● **Prompt**: In the records below, find the line with "this 480×360 image.", then copy each line exactly until you have copied the line with "this 240×160 image.". Leave any picture out.

BEGIN Data in this exercise

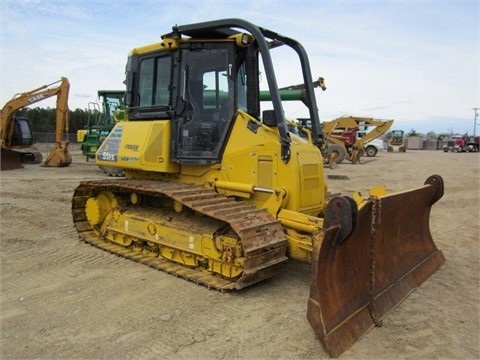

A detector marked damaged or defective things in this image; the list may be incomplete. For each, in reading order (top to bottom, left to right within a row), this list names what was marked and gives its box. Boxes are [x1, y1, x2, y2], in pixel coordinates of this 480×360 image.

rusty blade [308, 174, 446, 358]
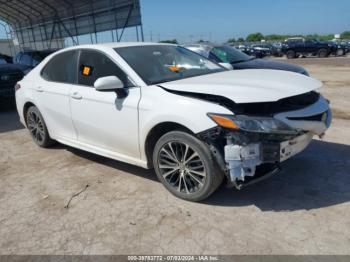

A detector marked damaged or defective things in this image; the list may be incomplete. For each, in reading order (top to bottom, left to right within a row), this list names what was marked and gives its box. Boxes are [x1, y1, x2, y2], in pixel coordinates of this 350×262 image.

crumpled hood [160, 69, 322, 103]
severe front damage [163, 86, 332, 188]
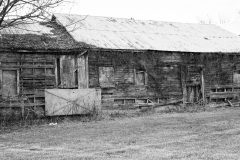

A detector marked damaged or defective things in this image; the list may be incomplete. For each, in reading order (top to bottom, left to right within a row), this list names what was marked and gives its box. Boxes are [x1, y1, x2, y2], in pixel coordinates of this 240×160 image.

END Data in this exercise
BEGIN Data in this exercise

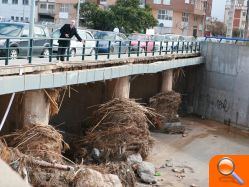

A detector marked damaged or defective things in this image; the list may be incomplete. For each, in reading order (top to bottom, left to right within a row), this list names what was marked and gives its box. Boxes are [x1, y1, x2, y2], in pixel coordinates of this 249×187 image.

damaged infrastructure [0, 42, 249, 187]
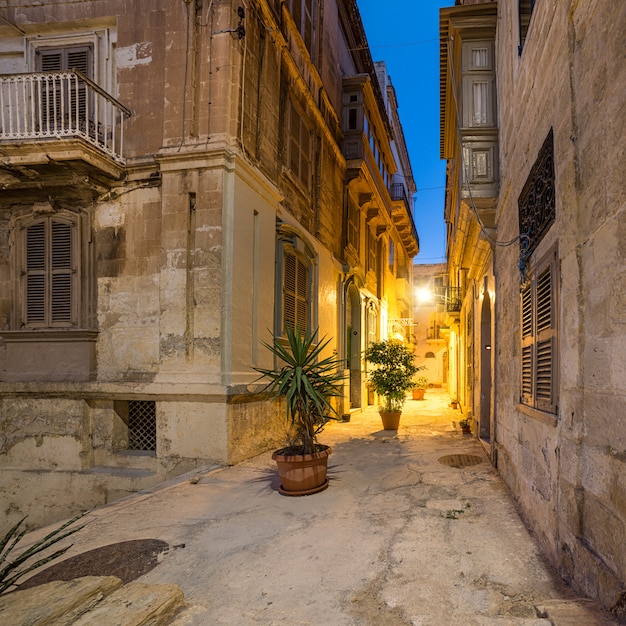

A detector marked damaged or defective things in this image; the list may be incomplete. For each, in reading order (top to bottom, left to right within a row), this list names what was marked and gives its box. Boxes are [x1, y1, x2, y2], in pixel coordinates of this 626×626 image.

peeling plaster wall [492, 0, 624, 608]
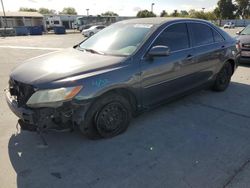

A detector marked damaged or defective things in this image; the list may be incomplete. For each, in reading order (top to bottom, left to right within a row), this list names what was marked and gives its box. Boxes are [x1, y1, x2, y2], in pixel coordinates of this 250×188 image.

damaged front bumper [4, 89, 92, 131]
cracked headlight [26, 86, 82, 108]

END Data in this exercise
BEGIN Data in this exercise

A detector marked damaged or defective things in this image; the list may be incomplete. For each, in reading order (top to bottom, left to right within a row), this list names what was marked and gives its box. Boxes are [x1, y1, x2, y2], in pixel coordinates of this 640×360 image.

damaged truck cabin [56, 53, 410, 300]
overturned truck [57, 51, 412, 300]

END Data in this exercise

● **Problem solution**:
A detector marked damaged or defective things in this image; the list may be incomplete. For each, in reading order (top to bottom, left to right within a row), this list names what was marked and gives its box. Boxes are [x1, y1, x2, y2], in pixel coordinates of this 480×360 image.

rusty blade [308, 174, 446, 358]

A detector marked damaged or defective things in this image; the list may be incomplete. For each, in reading order (top to bottom, left to right within a row), this list names what was marked and gives its box. Boxes are [x1, y1, x2, y2], in pixel coordinates of this 350×262 image.

crumpled hood [160, 69, 322, 103]
severe front damage [163, 86, 332, 188]

A detector marked damaged or defective things in this image; the list may be incomplete. For each, in reading order (top to bottom, left to right within a row), this list names what was marked and gives its box. Boxes are [x1, y1, x2, y2], in pixel coordinates of this 240×160 image.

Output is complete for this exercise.